# Activity
This exercise calls for duplicating every entry below exactly, without the images.

# Excerpts from a dataset

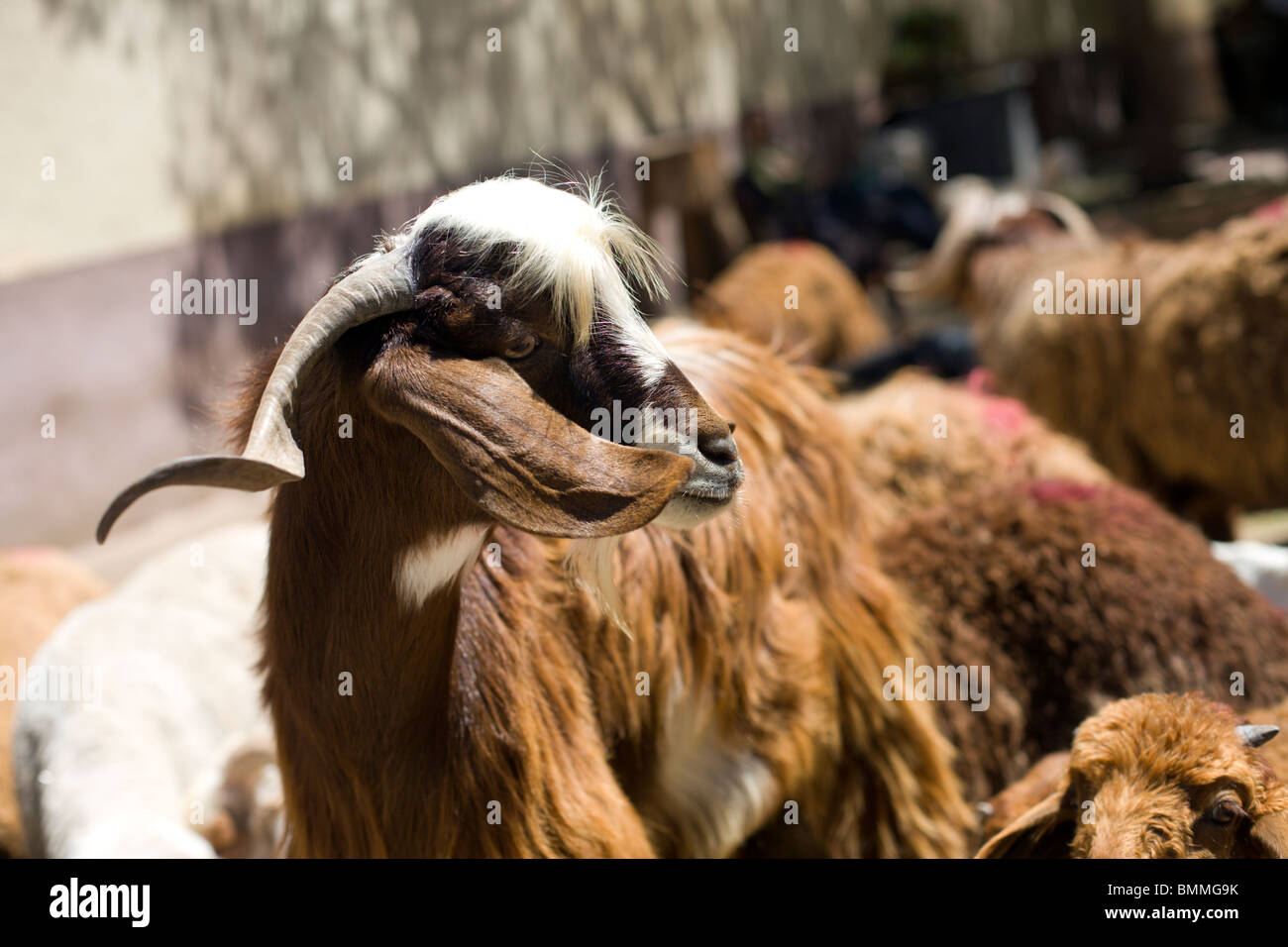 Goats in Egypt Stock Photo Alamy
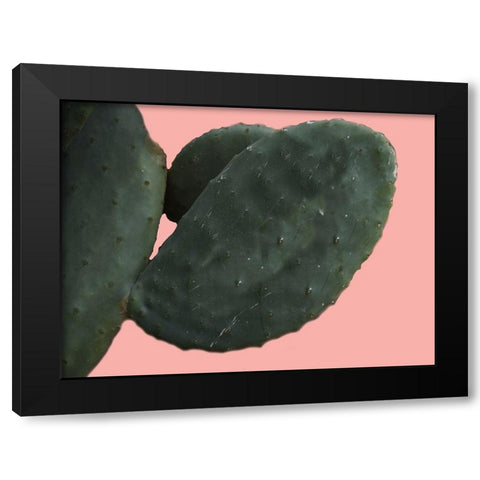 Cactus Wall Black Modern Wood Framed Art Print with Double Matting by Lewis, Sheldon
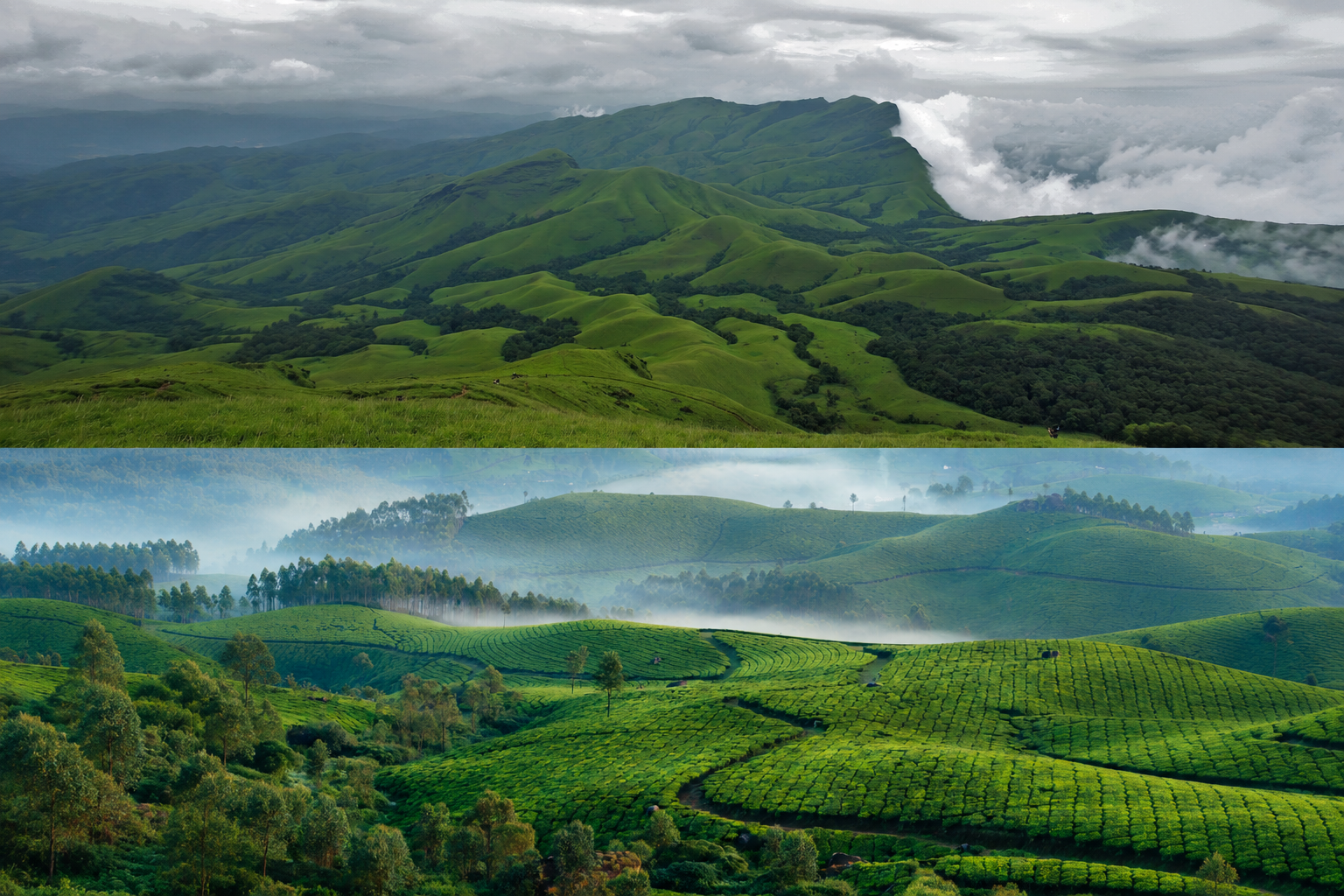 Chikkamagaluru and Coorg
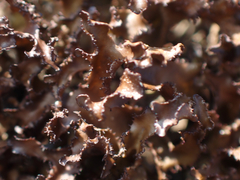 Cetraria ericetorum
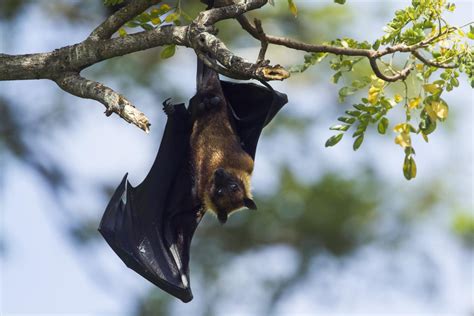 Fruit Bats As Pets Guidelines And Tips Is It Legal To Have Fruit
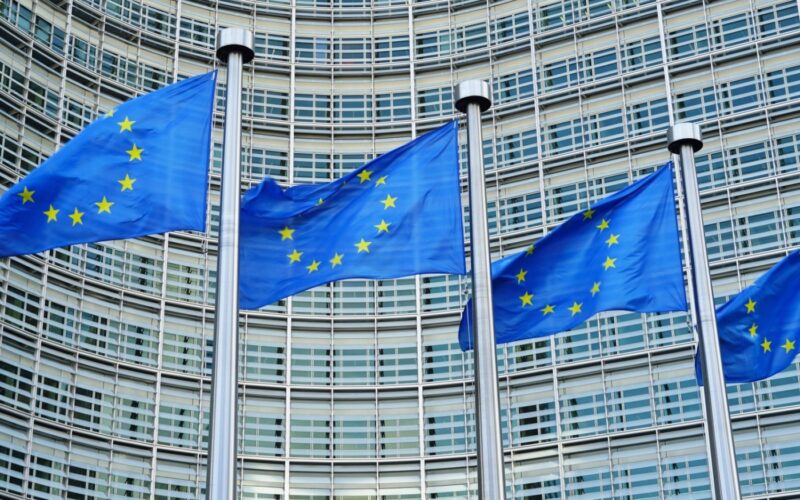 Parlamentul European denunță abateri de la „normele internaţionale” în alegerile din Serbia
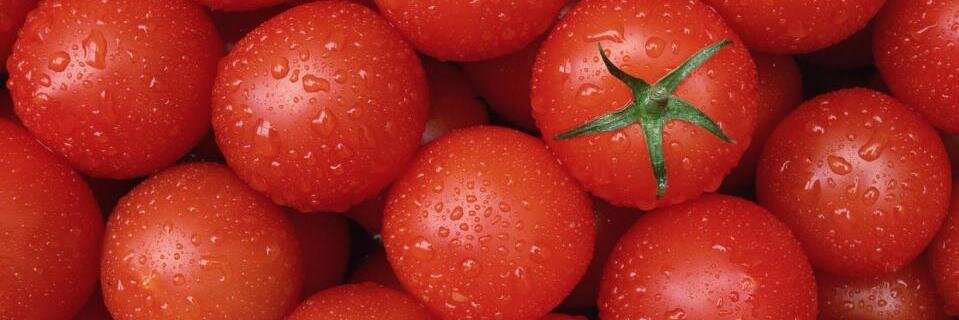 tomatotes's profile banner image
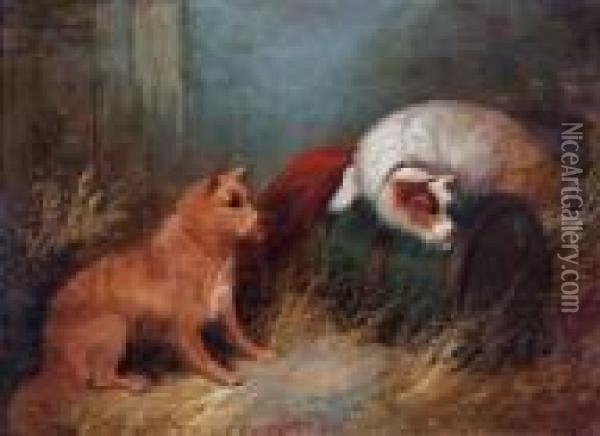 Two Terriers In A Stable Oil Painting - George Armfield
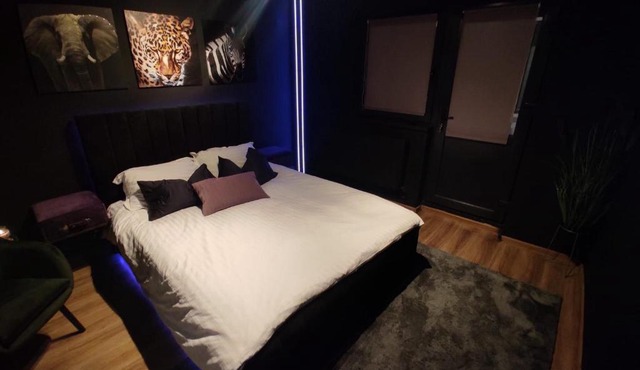 Jungle Studio BRAILA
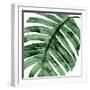 Tropical Green Palm II-Melonie Miller-Framed Art Print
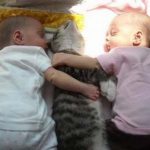 babies-cats-3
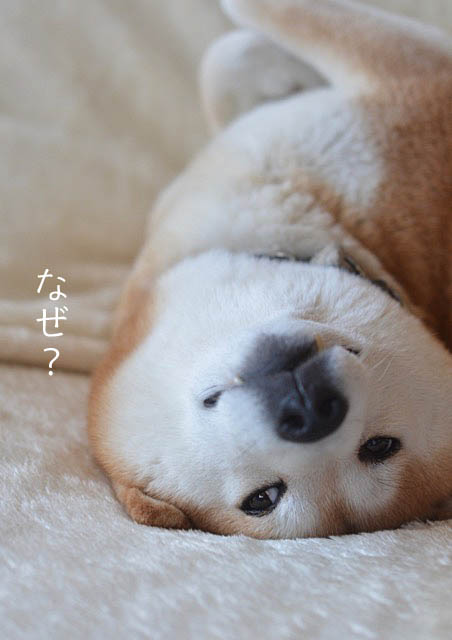 3日ブログ19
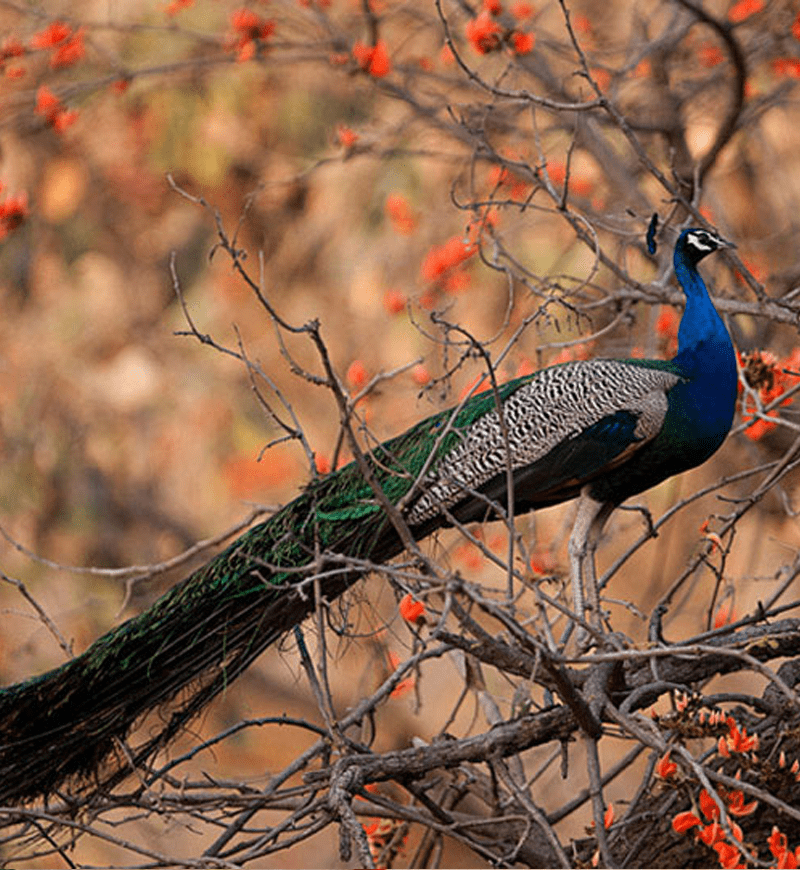 india wildlife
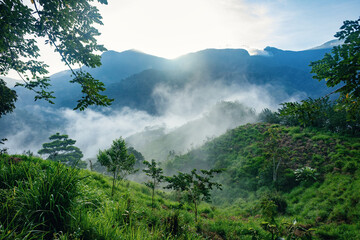 Misty and fogy jungle landscape. Hard trek to hidden ancient ruins of Tayrona civilization Ciudad Perdida in Colombian jungle. Santa Marta, Sierra Nevada mountains, Colombia wilderness. - 743734250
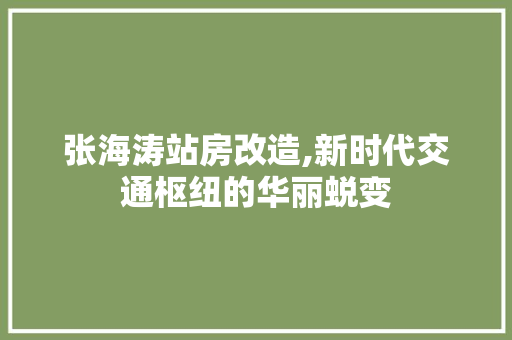 张海涛站房改造,新时代交通枢纽的华丽蜕变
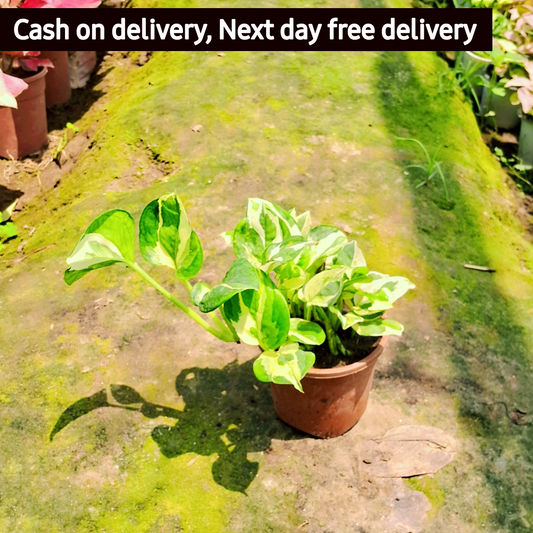 Verigated Money  Plant (Ukanda) in 4 inch pot Plantncr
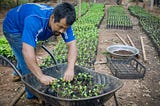 Integrated capital in action: Guayakí Yerba Mate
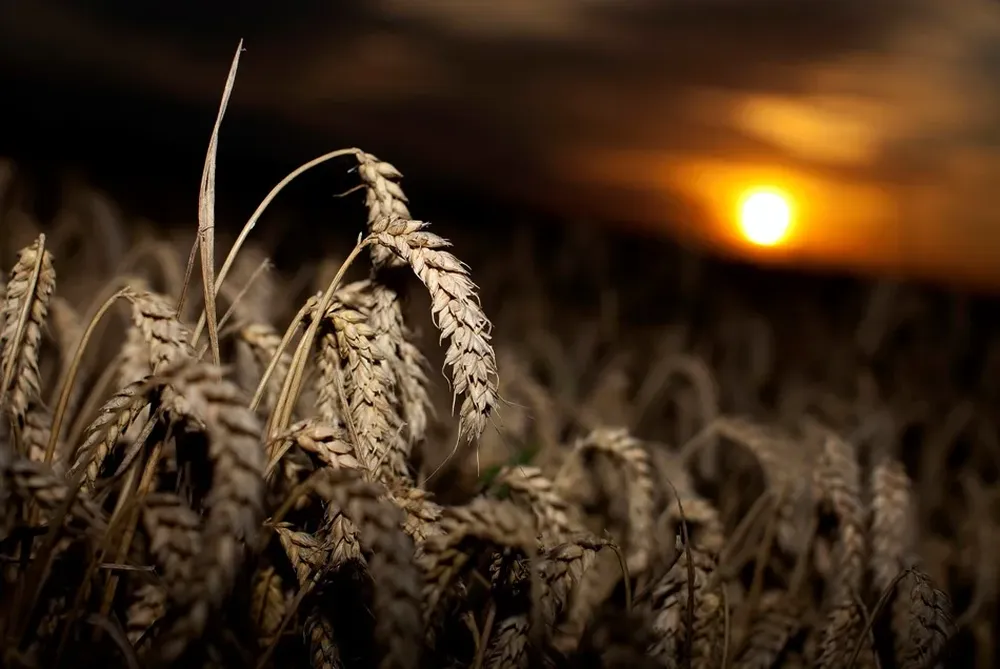 En Brasil el precio del arroz se acerca a los US$ 20 por bolsa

# Result for this exercise
 Goats in Egypt Stock Photo Alamy
 Cactus Wall Black Modern Wood Framed Art Print with Double Matting by Lewis, Sheldon
 Chikkamagaluru and Coorg
 Cetraria ericetorum
 Fruit Bats As Pets Guidelines And Tips Is It Legal To Have Fruit
 Parlamentul European denunță abateri de la „normele internaţionale” în alegerile din Serbia
 tomatotes's profile banner image
 Two Terriers In A Stable Oil Painting - George Armfield
 Jungle Studio BRAILA
 Tropical Green Palm II-Melonie Miller-Framed Art Print
 babies-cats-3
 3日ブログ19
 india wildlife
 Misty and fogy jungle landscape. Hard trek to hidden ancient ruins of Tayrona civilization Ciudad Perdida in Colombian jungle. Santa Marta, Sierra Nevada mountains, Colombia wilderness. - 743734250
 张海涛站房改造,新时代交通枢纽的华丽蜕变
 Verigated Money  Plant (Ukanda) in 4 inch pot Plantncr
 Integrated capital in action: Guayakí Yerba Mate
 En Brasil el precio del arroz se acerca a los US$ 20 por bolsa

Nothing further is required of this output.